Mit decodes acoustic signatures of battery formation and degradation to aid development of new monitoring devices

Before batteries run out of power, suddenly fail, or catch fire, they often emit subtle sounds over time, which are characteristic markers of the deterioration process within the battery's internal structure. However, so far, no one has been able to accurately interpret the meaning of these sounds or distinguish between ordinary background noise and important signs of potential faults.

Image Source: Massachusetts Institute of Technology

According to foreign media reports, a research team from the Department of Chemical Engineering at the Massachusetts Institute of Technology (MIT) conducted a detailed analysis of the sounds emitted by lithium-ion batteries. They successfully correlated specific acoustic patterns with particular degradation processes occurring within the battery. The research findings were published in the journal Joule. This new discovery is expected to lay the foundation for the development of relatively simple, completely passive, and non-destructive monitoring devices. Such devices could continuously monitor the health of battery systems in electric vehicles or grid-scale energy storage facilities, thereby predicting effective service life and providing early warnings of failures.

Bazant stated, "In this study, through rigorous scientific work, our team successfully deciphered the acoustic emission signals. We were able to classify these signals as being caused by bubbles generated by side reactions, or by cracks formed due to the expansion and contraction of active materials, and even identify the characteristics of these signals amidst noisy data."

Samantaray explained, "The core of this work lies in exploring a non-destructive method to study the internal mechanisms of batteries during charging and discharging. There are currently a few research methods available, but most are costly and difficult to apply to conventional battery forms."

To achieve the analysis objectives, the research team conducted electrochemical testing and acoustic emission recording simultaneously under real charging and discharging conditions. Through refined signal processing, they established a correlation between the electrical and acoustic data. Samantaray pointed out, "As a result, we have developed a cost-effective and efficient method to truly understand the gas generation and fracture processes of materials."

Gas generation and material fracture are the two core mechanisms of battery degradation failure. Monitoring the sounds emitted by the battery can detect and distinguish these processes, which will be an important tool for battery system managers.

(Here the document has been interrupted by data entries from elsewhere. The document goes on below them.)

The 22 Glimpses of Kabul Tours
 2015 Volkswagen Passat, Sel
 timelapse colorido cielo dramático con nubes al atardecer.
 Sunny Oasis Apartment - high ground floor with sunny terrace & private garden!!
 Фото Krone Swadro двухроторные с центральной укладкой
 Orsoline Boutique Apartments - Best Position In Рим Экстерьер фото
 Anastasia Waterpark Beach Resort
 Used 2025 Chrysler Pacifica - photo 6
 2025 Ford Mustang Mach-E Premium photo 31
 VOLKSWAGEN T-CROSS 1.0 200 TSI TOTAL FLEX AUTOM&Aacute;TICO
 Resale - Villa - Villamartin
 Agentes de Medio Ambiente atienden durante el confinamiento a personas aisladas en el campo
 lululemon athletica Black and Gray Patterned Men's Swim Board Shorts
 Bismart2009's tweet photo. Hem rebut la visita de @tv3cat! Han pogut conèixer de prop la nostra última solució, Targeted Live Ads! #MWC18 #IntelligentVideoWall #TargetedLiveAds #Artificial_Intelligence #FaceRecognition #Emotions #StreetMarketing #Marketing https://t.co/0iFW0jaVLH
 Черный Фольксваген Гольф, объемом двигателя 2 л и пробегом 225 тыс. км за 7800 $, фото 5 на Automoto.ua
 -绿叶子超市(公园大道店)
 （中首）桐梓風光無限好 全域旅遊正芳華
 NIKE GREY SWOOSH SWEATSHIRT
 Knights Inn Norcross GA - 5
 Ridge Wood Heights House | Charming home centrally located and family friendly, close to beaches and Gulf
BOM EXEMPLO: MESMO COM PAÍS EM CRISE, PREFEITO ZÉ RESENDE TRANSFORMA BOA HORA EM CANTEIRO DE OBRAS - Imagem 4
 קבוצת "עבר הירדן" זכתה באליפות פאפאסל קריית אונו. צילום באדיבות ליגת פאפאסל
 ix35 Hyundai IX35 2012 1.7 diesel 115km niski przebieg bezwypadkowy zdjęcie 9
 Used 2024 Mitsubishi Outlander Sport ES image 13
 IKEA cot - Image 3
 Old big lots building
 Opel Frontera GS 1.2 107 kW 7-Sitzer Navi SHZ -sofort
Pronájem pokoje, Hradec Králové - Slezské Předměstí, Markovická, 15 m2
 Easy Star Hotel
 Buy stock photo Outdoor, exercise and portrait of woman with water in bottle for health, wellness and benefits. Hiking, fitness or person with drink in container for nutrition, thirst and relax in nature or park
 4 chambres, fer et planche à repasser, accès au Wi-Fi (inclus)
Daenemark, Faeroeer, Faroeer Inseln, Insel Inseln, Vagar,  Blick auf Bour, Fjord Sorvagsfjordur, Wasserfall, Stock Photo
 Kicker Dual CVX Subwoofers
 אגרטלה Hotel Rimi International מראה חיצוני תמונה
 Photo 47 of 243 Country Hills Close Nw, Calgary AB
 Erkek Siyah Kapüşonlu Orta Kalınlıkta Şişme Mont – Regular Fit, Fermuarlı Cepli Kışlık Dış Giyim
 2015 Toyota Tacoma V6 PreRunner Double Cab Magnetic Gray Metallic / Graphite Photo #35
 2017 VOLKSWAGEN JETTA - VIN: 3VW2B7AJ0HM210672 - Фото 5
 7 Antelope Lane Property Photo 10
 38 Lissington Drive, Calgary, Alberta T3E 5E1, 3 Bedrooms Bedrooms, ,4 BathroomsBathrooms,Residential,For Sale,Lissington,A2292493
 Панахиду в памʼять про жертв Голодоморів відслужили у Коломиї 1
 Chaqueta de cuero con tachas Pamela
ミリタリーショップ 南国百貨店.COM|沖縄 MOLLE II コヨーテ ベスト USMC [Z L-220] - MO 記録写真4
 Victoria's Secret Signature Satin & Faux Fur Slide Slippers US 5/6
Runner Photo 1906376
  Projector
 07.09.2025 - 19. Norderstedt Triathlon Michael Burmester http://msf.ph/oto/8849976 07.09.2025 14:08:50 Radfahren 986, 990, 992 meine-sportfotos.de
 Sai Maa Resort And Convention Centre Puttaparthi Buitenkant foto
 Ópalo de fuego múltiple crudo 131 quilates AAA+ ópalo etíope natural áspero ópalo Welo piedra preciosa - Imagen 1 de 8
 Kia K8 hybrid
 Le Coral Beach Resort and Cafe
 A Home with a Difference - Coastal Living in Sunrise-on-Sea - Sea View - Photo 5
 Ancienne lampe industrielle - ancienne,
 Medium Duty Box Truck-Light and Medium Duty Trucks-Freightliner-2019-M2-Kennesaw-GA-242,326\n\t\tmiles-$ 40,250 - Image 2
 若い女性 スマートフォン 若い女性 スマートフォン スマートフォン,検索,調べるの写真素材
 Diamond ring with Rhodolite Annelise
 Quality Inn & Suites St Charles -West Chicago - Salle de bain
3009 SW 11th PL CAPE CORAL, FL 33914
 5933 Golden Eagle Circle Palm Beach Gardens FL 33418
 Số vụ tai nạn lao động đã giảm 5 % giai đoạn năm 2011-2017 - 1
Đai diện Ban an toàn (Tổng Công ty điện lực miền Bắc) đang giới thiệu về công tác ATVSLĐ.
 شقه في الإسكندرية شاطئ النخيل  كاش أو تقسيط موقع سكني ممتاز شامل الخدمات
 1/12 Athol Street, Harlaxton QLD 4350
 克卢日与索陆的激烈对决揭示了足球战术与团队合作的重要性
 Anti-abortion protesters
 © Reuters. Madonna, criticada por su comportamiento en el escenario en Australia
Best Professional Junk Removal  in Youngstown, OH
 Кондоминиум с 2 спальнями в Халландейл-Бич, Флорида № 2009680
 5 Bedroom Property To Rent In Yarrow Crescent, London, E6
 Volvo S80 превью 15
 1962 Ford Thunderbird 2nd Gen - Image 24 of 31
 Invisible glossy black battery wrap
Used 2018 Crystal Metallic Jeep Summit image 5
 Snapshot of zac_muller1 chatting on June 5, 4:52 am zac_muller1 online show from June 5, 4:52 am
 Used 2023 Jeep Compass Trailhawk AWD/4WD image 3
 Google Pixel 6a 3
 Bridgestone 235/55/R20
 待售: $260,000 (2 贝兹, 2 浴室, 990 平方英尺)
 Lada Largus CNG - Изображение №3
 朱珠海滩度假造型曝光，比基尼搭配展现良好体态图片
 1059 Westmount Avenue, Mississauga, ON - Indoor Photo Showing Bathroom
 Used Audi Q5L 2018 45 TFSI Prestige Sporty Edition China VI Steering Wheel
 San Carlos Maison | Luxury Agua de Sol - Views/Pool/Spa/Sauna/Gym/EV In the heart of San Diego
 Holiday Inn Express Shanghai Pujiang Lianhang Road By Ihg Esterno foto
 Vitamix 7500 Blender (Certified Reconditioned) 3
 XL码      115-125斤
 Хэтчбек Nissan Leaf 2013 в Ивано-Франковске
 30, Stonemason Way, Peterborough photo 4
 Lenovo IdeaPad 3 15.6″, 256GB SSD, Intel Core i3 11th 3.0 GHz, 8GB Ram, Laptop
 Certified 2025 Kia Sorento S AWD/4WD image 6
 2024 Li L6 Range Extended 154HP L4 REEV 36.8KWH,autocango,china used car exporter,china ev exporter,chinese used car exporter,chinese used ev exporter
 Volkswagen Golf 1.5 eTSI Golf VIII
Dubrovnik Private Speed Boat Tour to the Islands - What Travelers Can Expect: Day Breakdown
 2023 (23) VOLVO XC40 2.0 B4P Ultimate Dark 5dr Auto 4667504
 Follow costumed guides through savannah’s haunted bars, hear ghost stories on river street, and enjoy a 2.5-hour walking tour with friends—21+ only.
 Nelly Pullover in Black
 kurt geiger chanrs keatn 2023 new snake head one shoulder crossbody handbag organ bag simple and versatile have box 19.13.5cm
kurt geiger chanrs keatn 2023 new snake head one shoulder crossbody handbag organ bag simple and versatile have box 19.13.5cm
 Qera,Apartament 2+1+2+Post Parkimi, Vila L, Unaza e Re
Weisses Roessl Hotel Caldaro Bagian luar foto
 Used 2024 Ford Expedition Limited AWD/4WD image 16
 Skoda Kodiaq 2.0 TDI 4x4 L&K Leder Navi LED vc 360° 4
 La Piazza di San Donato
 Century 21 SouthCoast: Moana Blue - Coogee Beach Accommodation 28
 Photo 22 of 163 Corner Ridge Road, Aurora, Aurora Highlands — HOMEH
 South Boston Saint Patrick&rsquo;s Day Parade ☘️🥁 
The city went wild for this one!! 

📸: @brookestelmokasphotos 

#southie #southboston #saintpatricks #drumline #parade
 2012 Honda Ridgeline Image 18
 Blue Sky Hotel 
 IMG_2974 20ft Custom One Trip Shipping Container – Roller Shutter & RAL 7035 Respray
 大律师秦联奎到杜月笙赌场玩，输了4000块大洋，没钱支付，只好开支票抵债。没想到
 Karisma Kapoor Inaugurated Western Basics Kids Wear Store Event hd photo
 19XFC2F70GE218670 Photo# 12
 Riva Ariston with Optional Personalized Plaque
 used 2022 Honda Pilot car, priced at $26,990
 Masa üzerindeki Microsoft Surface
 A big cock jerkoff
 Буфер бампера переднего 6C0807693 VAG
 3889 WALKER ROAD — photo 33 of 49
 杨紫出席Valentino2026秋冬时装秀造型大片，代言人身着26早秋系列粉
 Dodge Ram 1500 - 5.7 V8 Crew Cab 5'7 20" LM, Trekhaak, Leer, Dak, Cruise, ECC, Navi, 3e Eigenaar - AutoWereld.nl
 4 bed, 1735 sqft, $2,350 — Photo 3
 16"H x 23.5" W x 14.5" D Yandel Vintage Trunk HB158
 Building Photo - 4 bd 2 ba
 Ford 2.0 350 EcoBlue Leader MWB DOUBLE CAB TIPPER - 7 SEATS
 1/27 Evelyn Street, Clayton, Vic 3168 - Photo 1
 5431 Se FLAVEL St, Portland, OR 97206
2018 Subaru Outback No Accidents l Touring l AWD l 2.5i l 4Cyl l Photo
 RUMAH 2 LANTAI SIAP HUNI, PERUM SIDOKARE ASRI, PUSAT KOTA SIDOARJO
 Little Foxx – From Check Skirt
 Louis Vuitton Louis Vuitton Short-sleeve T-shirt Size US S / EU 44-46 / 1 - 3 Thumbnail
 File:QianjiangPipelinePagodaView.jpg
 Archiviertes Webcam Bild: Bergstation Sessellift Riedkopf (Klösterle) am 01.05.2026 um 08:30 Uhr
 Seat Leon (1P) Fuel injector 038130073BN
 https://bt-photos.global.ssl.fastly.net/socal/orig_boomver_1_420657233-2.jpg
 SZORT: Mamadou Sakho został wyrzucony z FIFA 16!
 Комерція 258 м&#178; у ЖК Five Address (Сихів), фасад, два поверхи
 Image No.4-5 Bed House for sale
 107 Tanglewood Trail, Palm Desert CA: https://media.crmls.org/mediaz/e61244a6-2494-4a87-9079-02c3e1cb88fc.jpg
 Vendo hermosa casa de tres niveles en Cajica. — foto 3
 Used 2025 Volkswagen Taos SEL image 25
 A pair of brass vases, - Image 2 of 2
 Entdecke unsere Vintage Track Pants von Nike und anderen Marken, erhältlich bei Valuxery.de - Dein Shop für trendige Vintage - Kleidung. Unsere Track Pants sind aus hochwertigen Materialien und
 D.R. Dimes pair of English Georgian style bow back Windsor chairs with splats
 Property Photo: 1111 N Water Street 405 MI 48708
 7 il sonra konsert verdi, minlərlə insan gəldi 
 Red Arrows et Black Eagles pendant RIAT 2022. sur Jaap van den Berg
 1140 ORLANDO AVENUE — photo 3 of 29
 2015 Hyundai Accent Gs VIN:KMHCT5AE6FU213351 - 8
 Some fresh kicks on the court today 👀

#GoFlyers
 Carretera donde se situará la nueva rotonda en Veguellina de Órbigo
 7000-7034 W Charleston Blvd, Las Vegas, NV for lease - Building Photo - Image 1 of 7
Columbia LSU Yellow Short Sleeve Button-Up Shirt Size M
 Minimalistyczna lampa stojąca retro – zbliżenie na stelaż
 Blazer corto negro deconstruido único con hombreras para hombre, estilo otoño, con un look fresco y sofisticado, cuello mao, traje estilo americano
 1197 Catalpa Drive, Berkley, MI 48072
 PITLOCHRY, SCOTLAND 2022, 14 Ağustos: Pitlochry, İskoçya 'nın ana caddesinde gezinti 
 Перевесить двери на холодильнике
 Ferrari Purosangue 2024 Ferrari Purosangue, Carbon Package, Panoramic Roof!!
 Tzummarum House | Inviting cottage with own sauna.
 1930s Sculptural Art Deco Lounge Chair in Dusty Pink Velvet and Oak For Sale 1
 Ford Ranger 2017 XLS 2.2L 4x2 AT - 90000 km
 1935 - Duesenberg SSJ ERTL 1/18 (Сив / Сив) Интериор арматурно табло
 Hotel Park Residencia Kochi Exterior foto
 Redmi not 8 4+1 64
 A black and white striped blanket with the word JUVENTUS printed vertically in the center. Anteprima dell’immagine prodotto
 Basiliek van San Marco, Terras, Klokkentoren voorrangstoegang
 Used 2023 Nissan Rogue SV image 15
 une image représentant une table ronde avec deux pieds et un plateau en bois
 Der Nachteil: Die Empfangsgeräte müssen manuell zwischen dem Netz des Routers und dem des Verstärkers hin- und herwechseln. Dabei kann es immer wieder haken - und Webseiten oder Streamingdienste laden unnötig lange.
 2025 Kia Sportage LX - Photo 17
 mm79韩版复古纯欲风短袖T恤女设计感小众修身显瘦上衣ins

Previous methods only monitored sound and recorded the time points when the overall sound level exceeded a threshold. However, Bazant pointed out that this study simultaneously monitored voltage, current, and acoustic characteristics. "We found that acoustic emissions occur at specific potentials (voltages), which helps identify the specific processes that trigger acoustic emissions.”

After the testing is completed, the research team will disassemble the battery and observe under an electron microscope whether the materials have fractured.

In addition, the research team also employed wavelet transform technology. This method can encode the frequency and duration of each captured signal, forming unique feature markers, making it easier to extract signals from background noise. "No one has tried this method before," Bazant emphasized, "This is undoubtedly another major breakthrough."

Bazant pointed out that acoustic emission technology is widely used in engineering fields, such as monitoring early signs of damage in structures like bridges. "It's an excellent way to monitor the state of systems," Bazant stated, "because these acoustic emissions continue to exist whether you listen to them or not." By listening, people are able to gain insight into internal mechanisms that are invisible to the naked eye.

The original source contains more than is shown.